§ **WHAT THE TASK ASKS**: Return the data below unaltered, but strip out the pictures.

::: MATERIALS PROVIDED

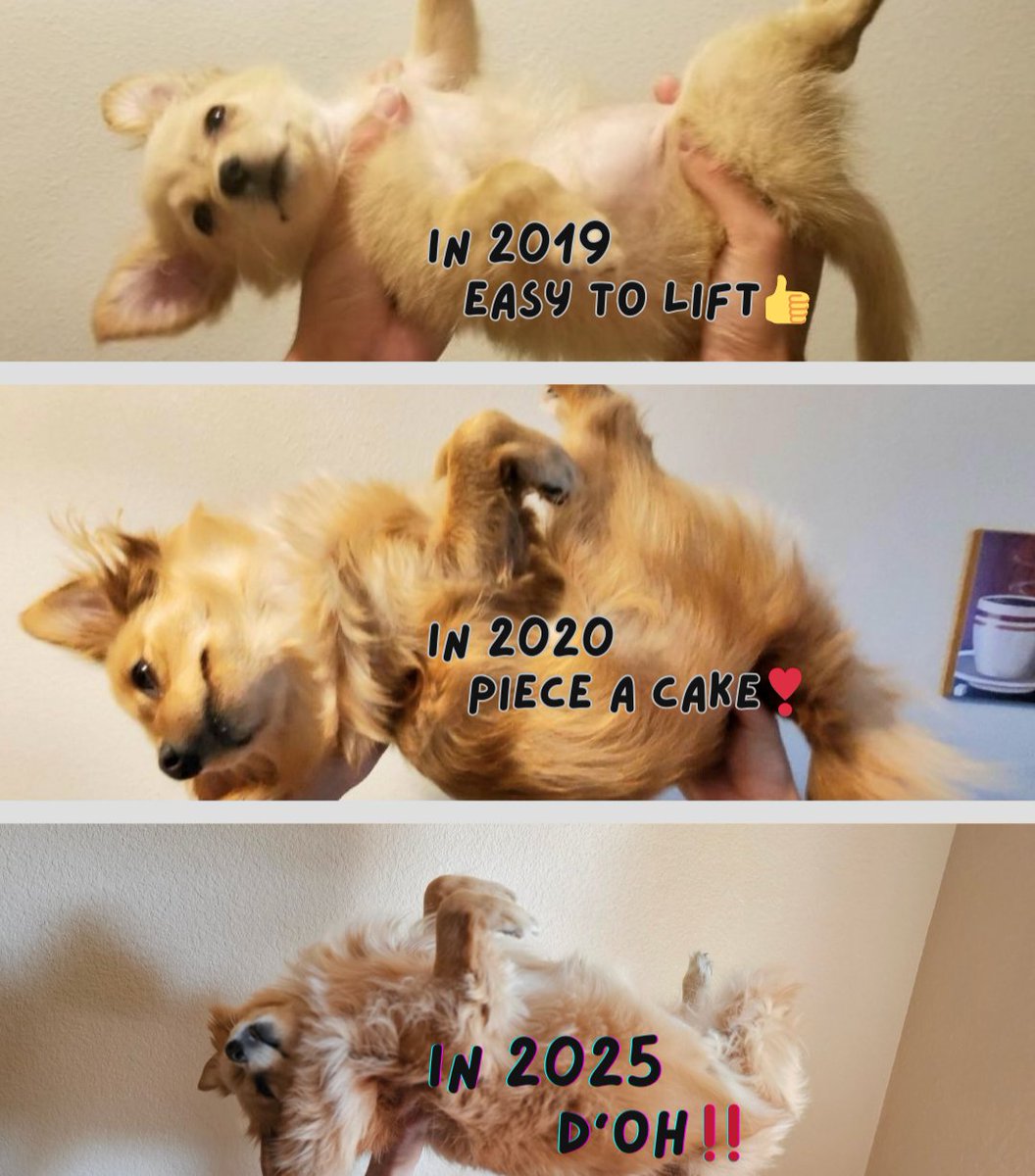6 years ago - easy lift🐾

Now - full workout🏋

Still the sweetest weight I've ever carried 💖

#doglover #cutedog #Chibi 
#cutepet #dogmom #puppy 
instagram.com/chibibabychan/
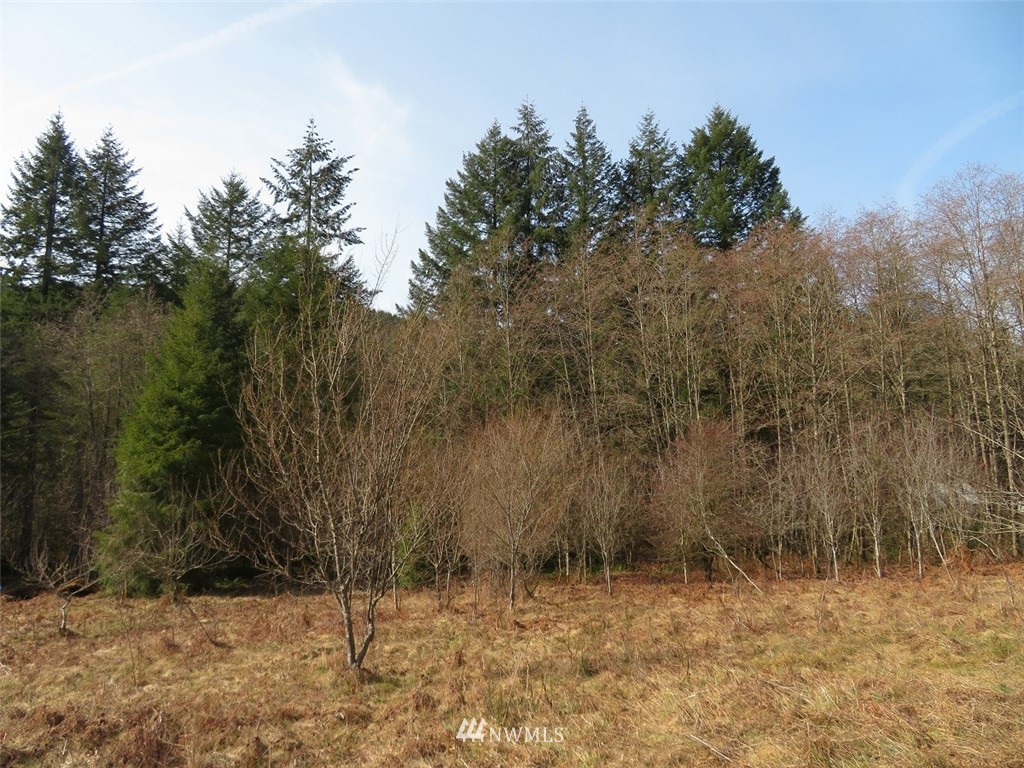 1 Coal Creek Road Longview, WA 98632 - Photo 22 of 24 Gallery Image 22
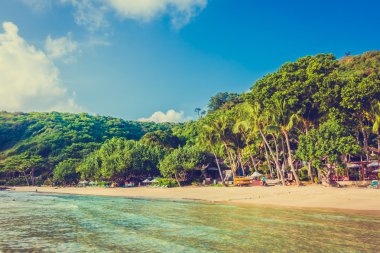 Güzel tropikal plaj ve deniz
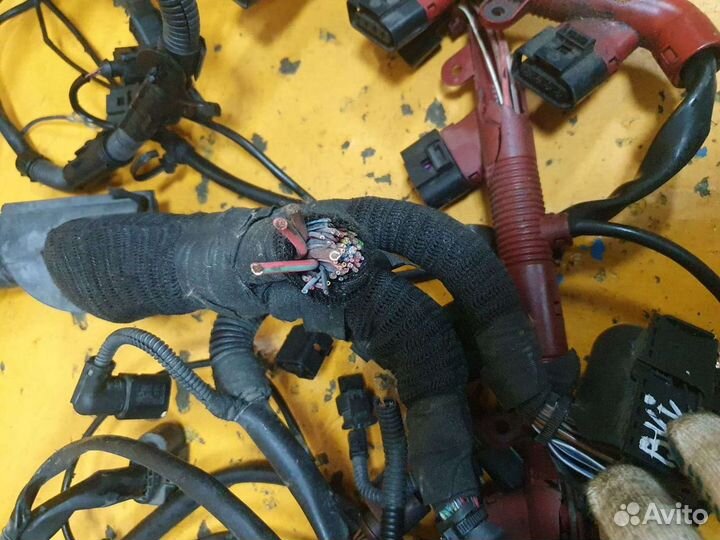 Проводка коса подкапотная 4.2 BVJ Audi A8
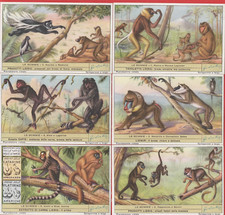 FIGURINE LIEBIG SERIE COMPLETA LE SCIMMIE 1°SERIE N°1603 ANNO 1954 ED:ITALIANA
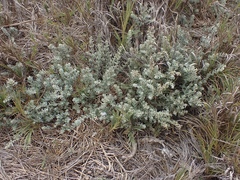 Extriplex californica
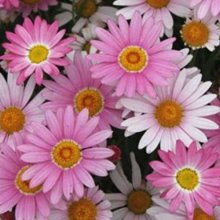 Picture of Daisy Angelic Baby Pink (11091)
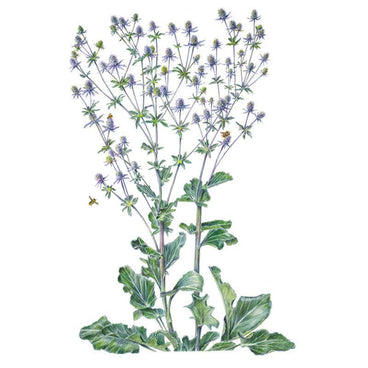 Botanical illustration of steel blue sea holly showing branching stems topped with spiky silvery-blue thistle-like flower heads, broad lobed basal leaves, and bees visiting the blooms, on a white background.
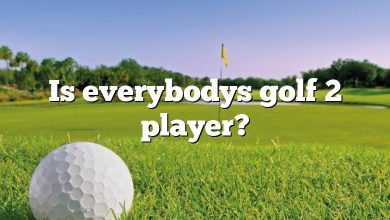 Is everybodys golf 2 player?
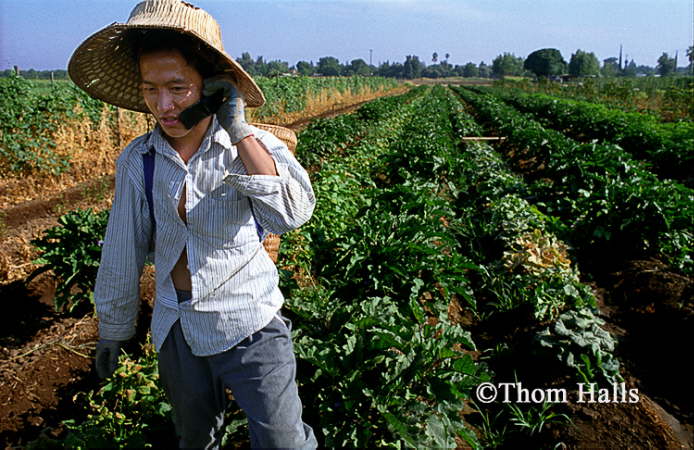 Vang Pao, Hmong Famrer, Fresno, Ca. 2001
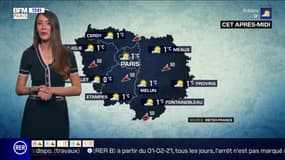 Météo Paris-Ile de France du 12 février: Le froid polaire se poursuit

::::::

§ **EXERCISE ANSWER**:
6 years ago - easy lift🐾

Now - full workout🏋

Still the sweetest weight I've ever carried 💖

#doglover #cutedog #Chibi 
#cutepet #dogmom #puppy 
instagram.com/chibibabychan/
 1 Coal Creek Road Longview, WA 98632 - Photo 22 of 24 Gallery Image 22
 Güzel tropikal plaj ve deniz
 Проводка коса подкапотная 4.2 BVJ Audi A8
 FIGURINE LIEBIG SERIE COMPLETA LE SCIMMIE 1°SERIE N°1603 ANNO 1954 ED:ITALIANA
 Extriplex californica
 Picture of Daisy Angelic Baby Pink (11091)
 Botanical illustration of steel blue sea holly showing branching stems topped with spiky silvery-blue thistle-like flower heads, broad lobed basal leaves, and bees visiting the blooms, on a white background.
 Is everybodys golf 2 player?
 Vang Pao, Hmong Famrer, Fresno, Ca. 2001
 Météo Paris-Ile de France du 12 février: Le froid polaire se poursuit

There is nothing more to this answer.